The Next Frontier: Turning Pochi Into Collateral
The more consequential shift is what Pochi’s transaction data could become in the hands of banks.
Till Number and PayBill already back credit products like Fuliza Biashara, built on a simple logic where banks track the volume, frequency, and value of a merchant’s incoming payments, then lend against that pattern with automated deductions from future transactions.
The basic idea will be if a loan isn’t repaid, the lender can take what’s owed straight from the borrower’s account. In Pochi’s case, that would mean pulling repayment directly from someone’s M-PESA balance.
It works like traditional collateral such as a car or land, except there’s no physical asset involved.
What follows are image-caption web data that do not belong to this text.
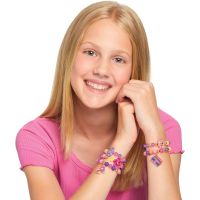 Make it Real Sada na výrobu měnících se korálků 6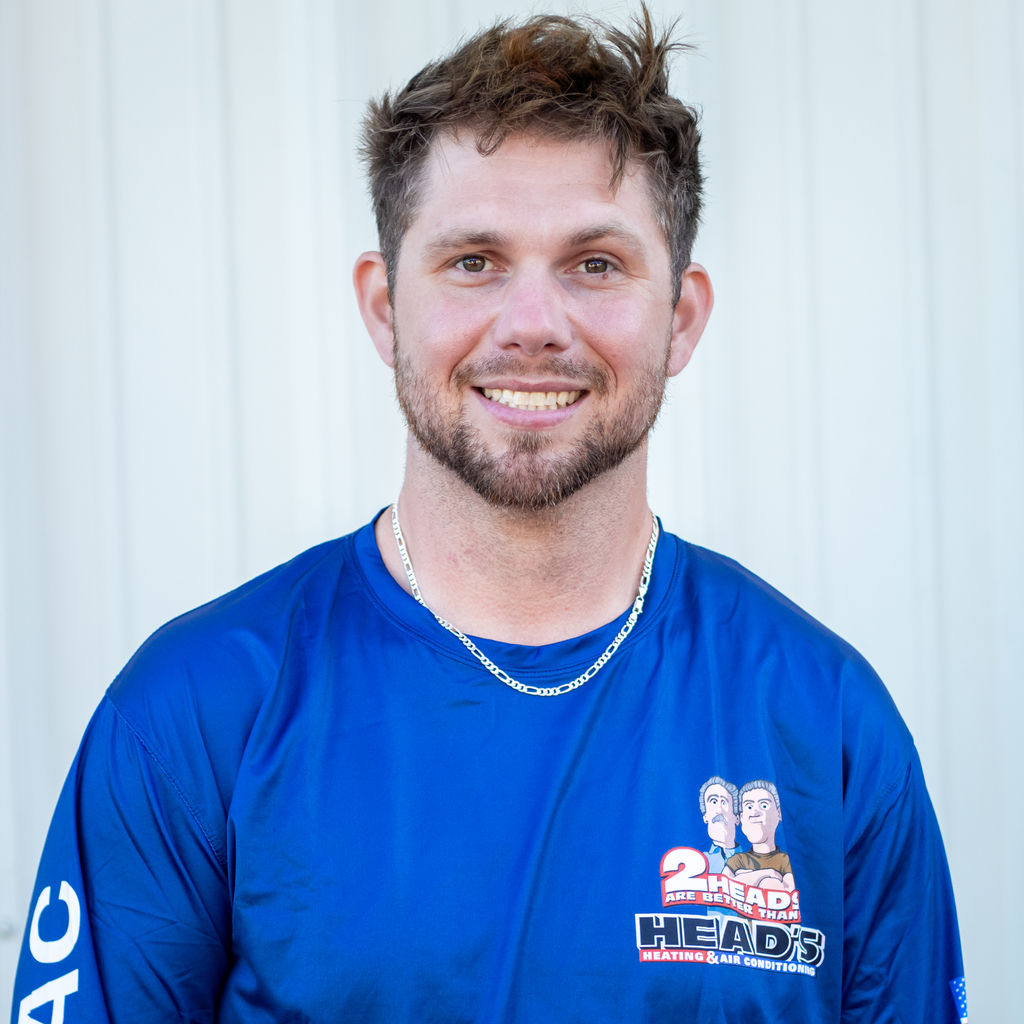 Lance Bowyer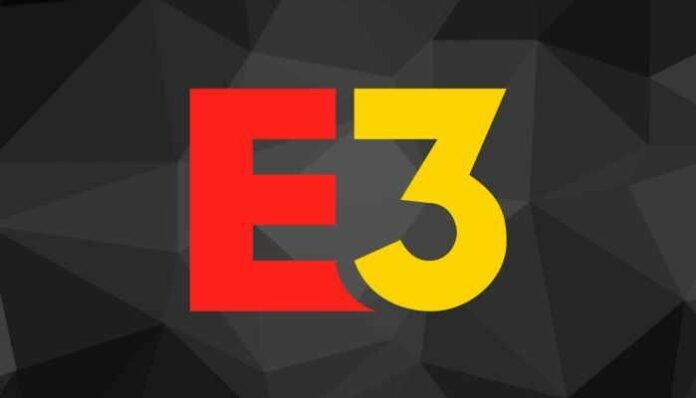 E3 2023 Digital Showcase Dates Revealed, Industry Registration Now Open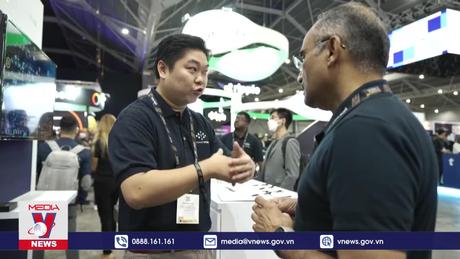 Singapore đi đầu ASEAN trong lĩnh vực Fintech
The wallet balance itself becomes the security.
Pochi wasn’t built for this kind of lending, but it’s getting there. Safaricom and Pezesha have launched Taasi Pochi, a credit product based on Pochi transaction history rather than formal business records.
It’s an important first step, showing that everyday wallet activity can be treated as a real basis for lending.
The real challenge isn’t legal but practical. A Pochi wallet is tied to someone’s personal phone line, not a registered business, so banks struggle to separate business income from personal spending or judge if that business will still be active next quarter.
Some fintechs are already solving this. Pezesha’s Patascore tool scores borrowers using transaction patterns instead of physical assets. Closer links between banks and Safaricom’s systems could make this scoring instant.
Whoever solves this verification problem will turn Kenya’s informal economy into a new lending market, where a fruit seller’s cash flow could carry as much weight as a formal business license does today.
The Network Effect That’s Doing the Heavy Lifting
Once enough vendors along a street or in a market accept Pochi, customers start carrying less cash, which then pressures the remaining cash-only traders to sign up simply to avoid losing sales.
That loop is largely what explains the current state of affairs, where a Pochi prompt is now expected at every informal point of sale or service.
GSMA data cited alongside the FY26 results shows that women make up 52% of active Pochi users. This reflects the gender balance in the informal retail sector and suggests the product’s simple design has helped remove some of the barriers that previously kept many women traders relying on cash.
From Payments to a Full Business Platform
The FY26 numbers point toward Pochi evolving past its original job of just collecting payments.
Digitizing years of informal cash flow creates a transaction history, and partners such as Pezesha are already using that data to extend unsecured working capital loans to traders who had no prior access to formal credit.
Safaricom’s Mali investment product is also being layered onto Pochi balances, letting merchants earn interest on money that used to sit idle or get spent immediately.
Micro-insurance and health cover bundled directly into the wallet look like the next logical addition, given how much of the informal sector currently operates with no safety net at all.
READ: Biggest Taxpayers Remain a Small Group of Formal Businesses, KRA Data Shows
Tax integration is likely to be the most sensitive part of this plan. A digital wallet could help informal traders gradually become part of the tax system through voluntary compliance, something the Kenyan government has tried to achieve through other approaches with mixed success.
However, it is also the area where merchants are most likely to push back.